→ About this exercise: Every line from the one holding "Professional medical doctors" through the one holding "terni,itali november 05" in the data below must be returned exactly, both ends included, with pictures left out and nothing else added.

Stored dataset items:
-- Opening Marker --
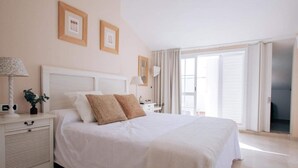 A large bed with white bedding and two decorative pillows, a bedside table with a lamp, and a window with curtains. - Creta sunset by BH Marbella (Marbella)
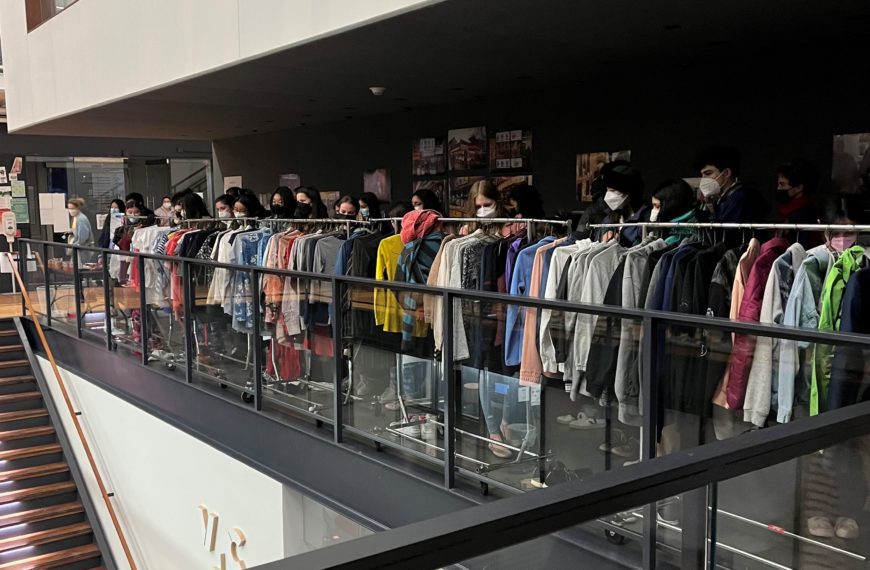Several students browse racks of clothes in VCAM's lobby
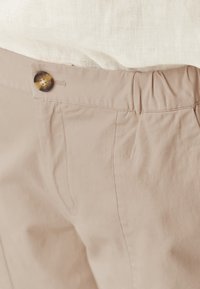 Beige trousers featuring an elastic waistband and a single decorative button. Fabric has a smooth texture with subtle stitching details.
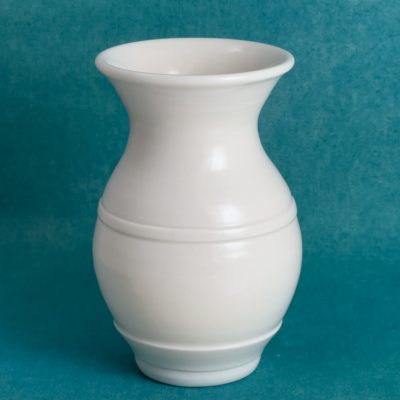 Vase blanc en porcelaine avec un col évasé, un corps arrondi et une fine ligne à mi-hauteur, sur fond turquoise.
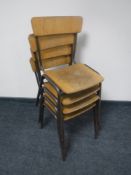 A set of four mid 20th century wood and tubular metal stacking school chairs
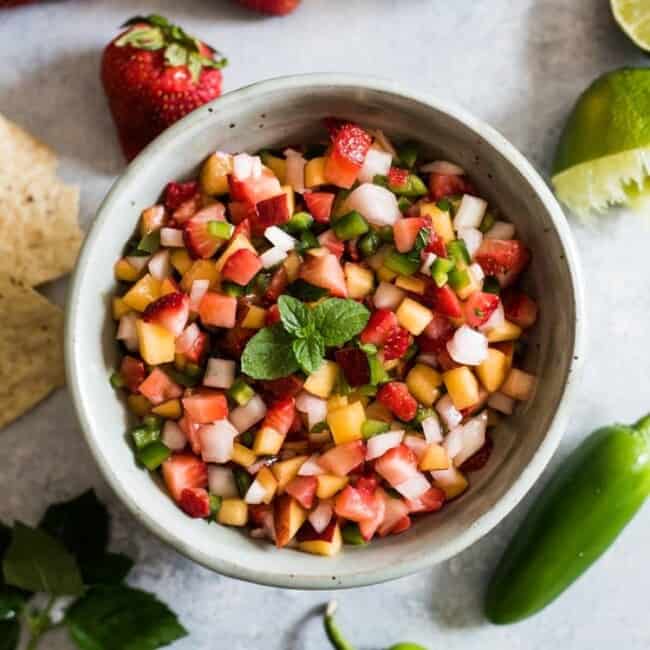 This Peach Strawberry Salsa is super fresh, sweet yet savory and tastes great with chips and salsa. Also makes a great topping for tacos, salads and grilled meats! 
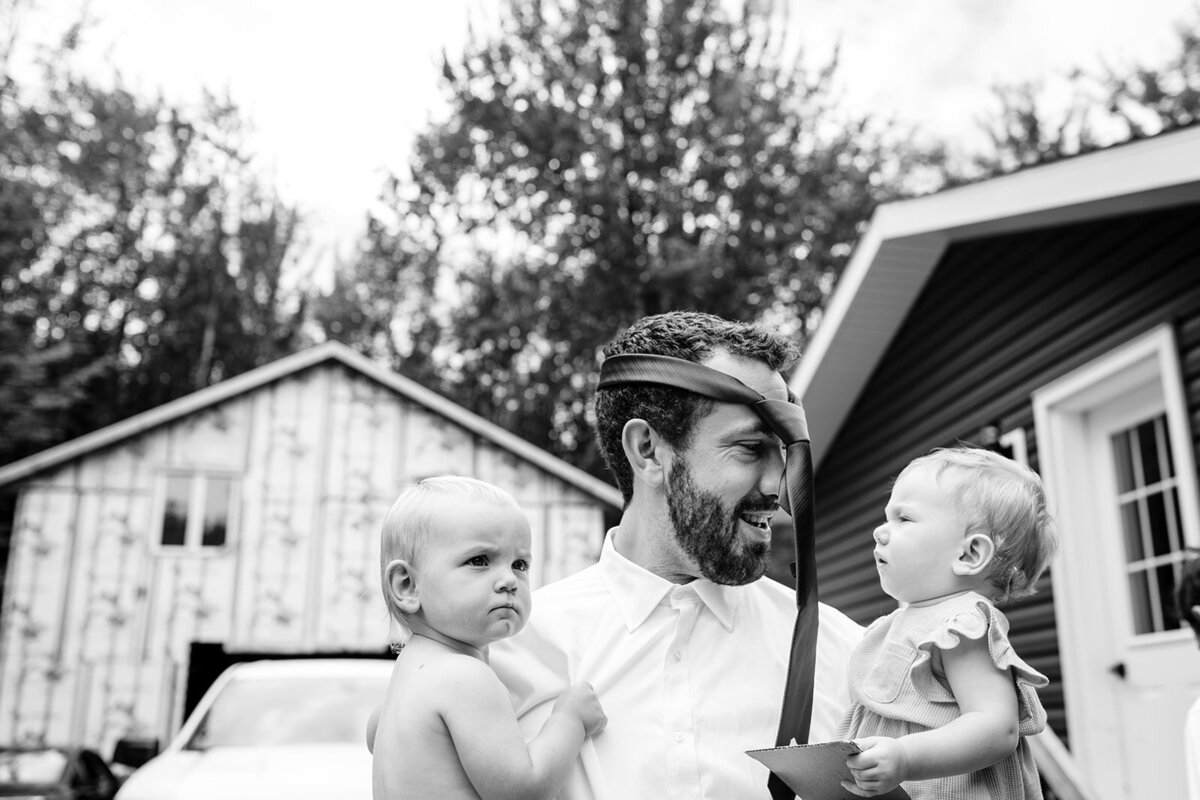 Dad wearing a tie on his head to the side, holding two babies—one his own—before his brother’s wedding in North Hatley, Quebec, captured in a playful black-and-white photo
-- Closing Marker --
-- Opening Marker --
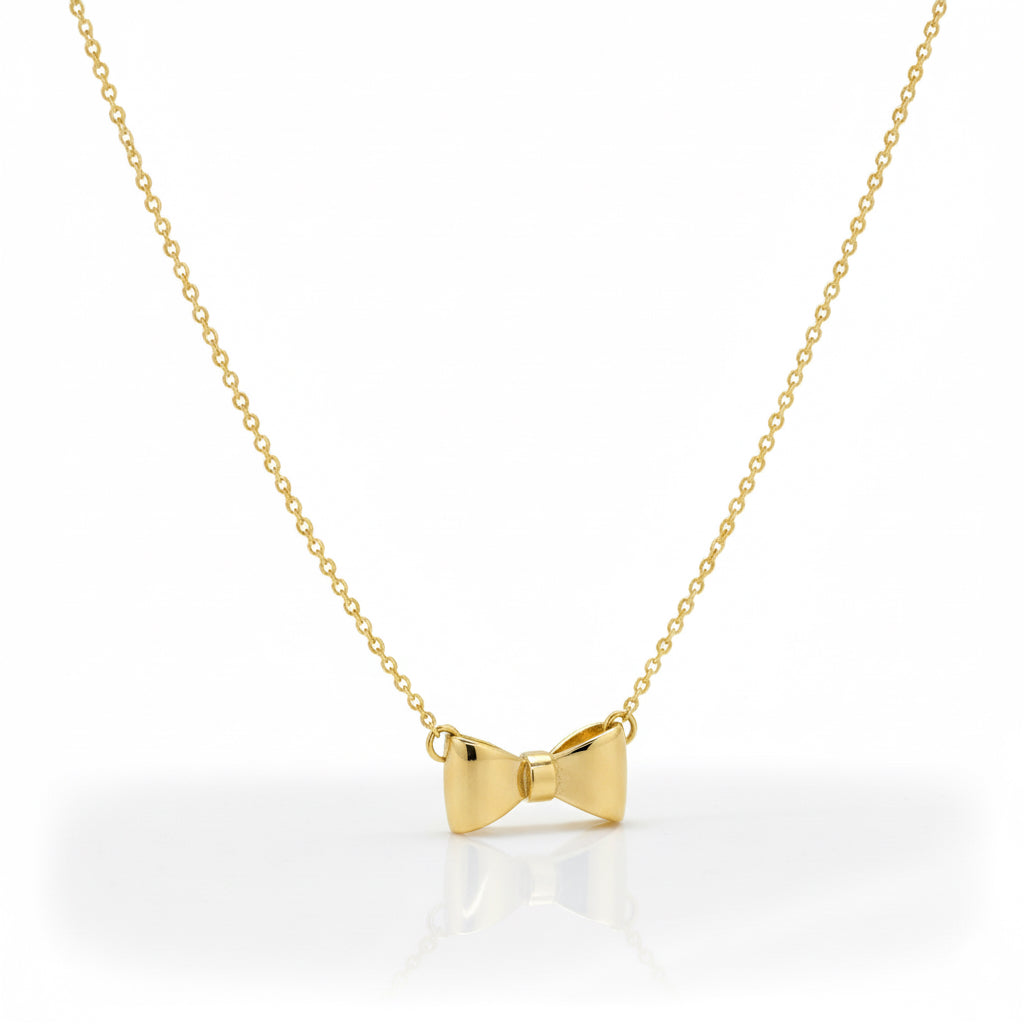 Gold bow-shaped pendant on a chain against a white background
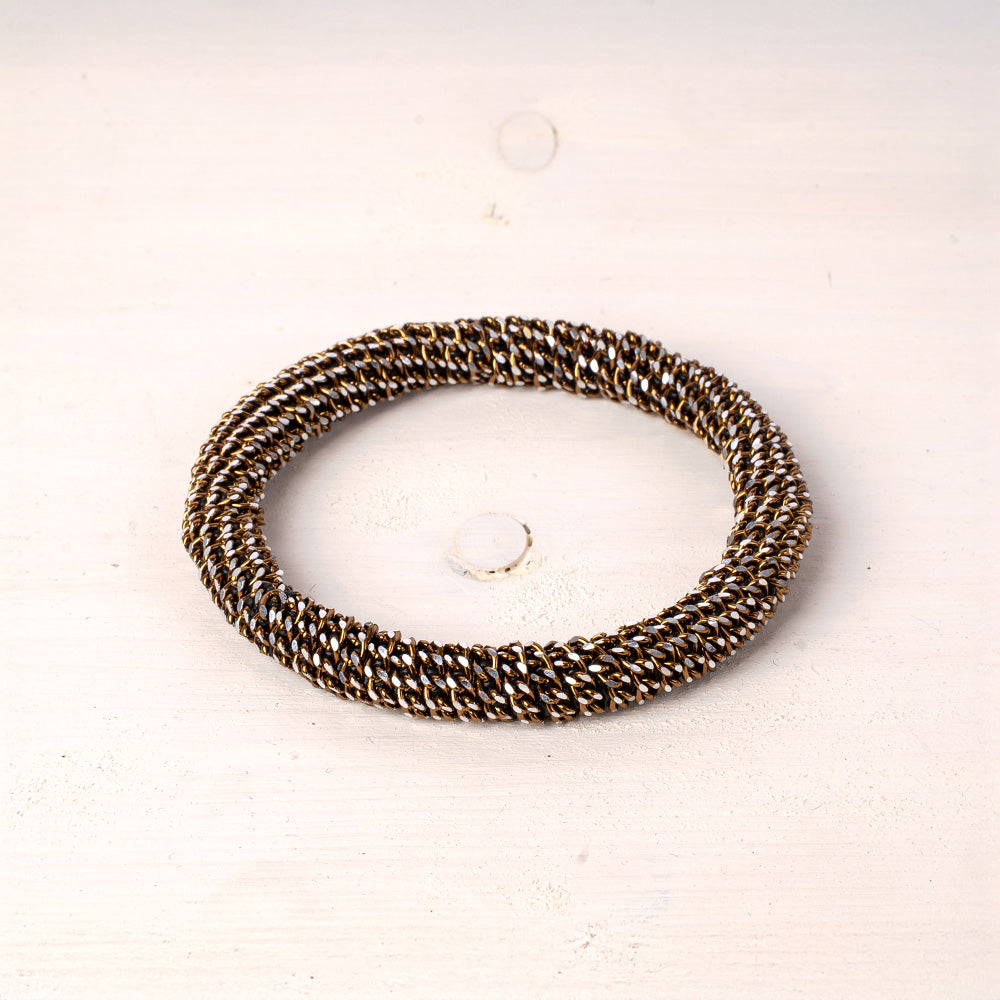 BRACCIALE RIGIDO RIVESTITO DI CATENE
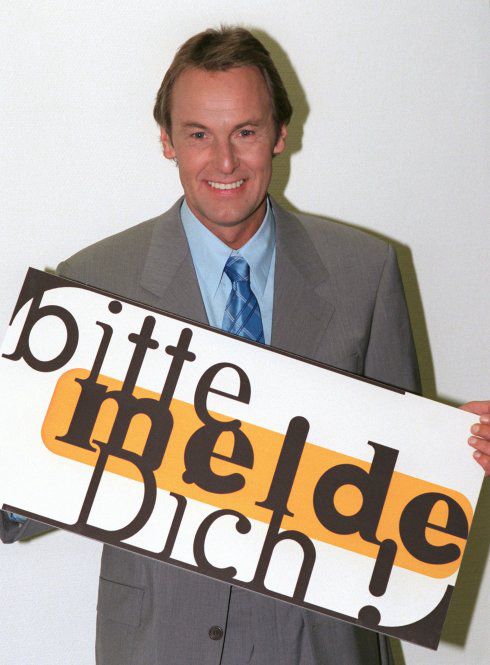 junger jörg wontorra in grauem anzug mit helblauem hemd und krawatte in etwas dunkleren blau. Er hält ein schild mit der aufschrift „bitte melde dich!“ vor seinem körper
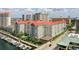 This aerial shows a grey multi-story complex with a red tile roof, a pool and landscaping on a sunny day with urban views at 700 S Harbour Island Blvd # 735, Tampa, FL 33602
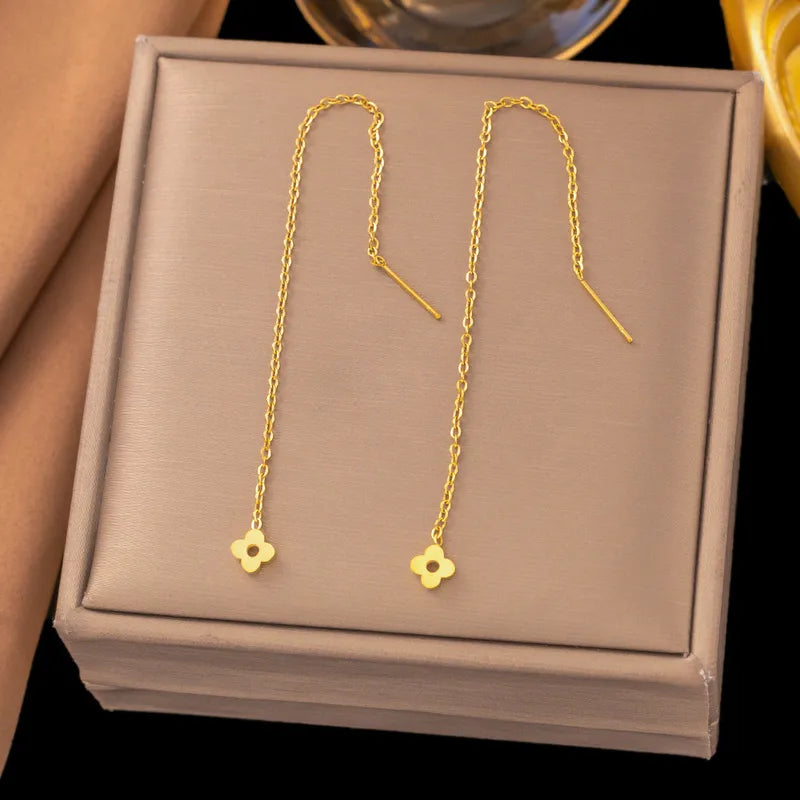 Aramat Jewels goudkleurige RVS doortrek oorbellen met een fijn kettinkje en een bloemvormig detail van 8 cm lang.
-- Closing Marker --
-- Opening Marker --
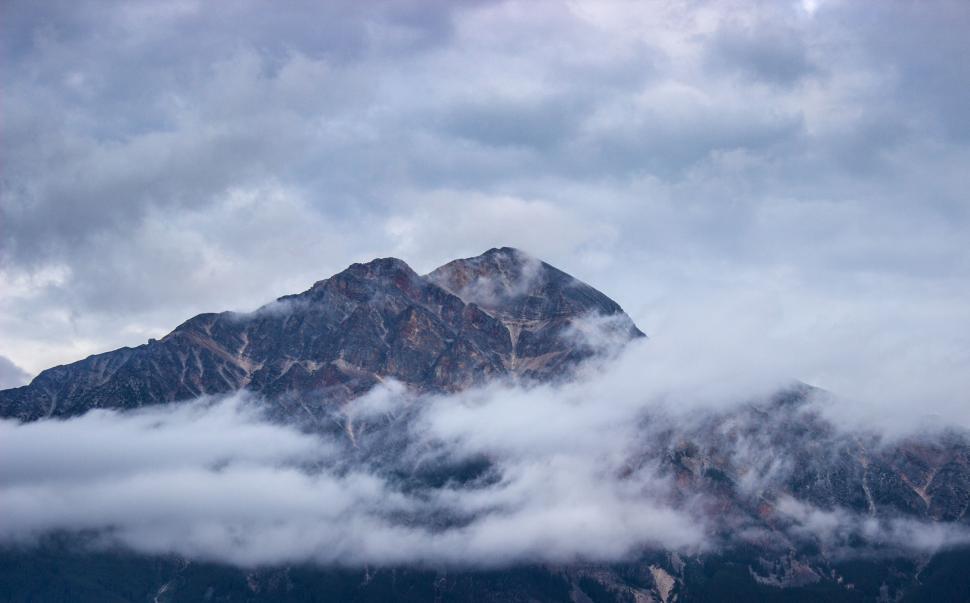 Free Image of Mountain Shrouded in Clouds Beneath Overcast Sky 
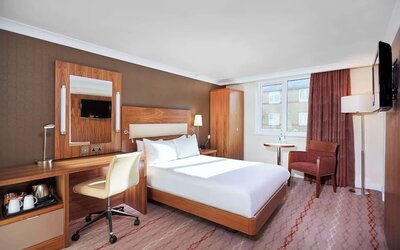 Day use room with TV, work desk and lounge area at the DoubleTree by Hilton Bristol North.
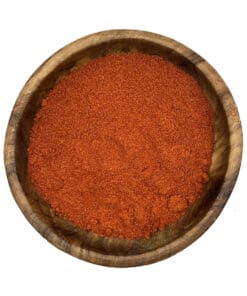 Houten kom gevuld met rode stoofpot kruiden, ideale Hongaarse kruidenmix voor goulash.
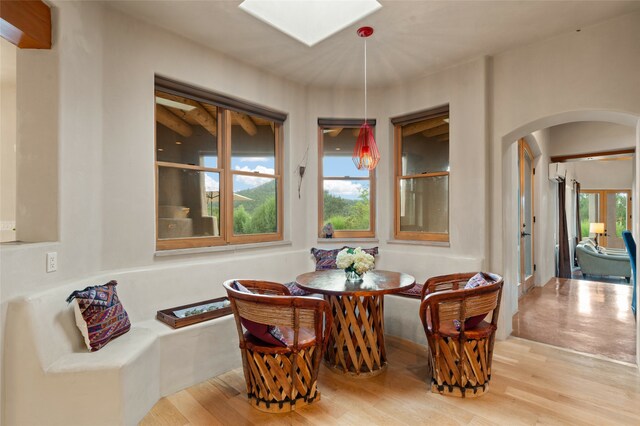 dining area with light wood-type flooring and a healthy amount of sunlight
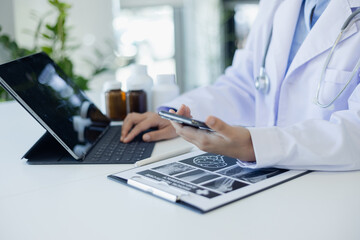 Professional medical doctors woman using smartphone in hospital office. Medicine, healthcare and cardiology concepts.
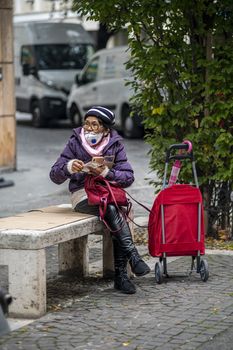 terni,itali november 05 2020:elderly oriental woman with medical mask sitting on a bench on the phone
-- Closing Marker --
→ Written solution:
 Professional medical doctors woman using smartphone in hospital office. Medicine, healthcare and cardiology concepts.
 terni,itali november 05 2020:elderly oriental woman with medical mask sitting on a bench on the phone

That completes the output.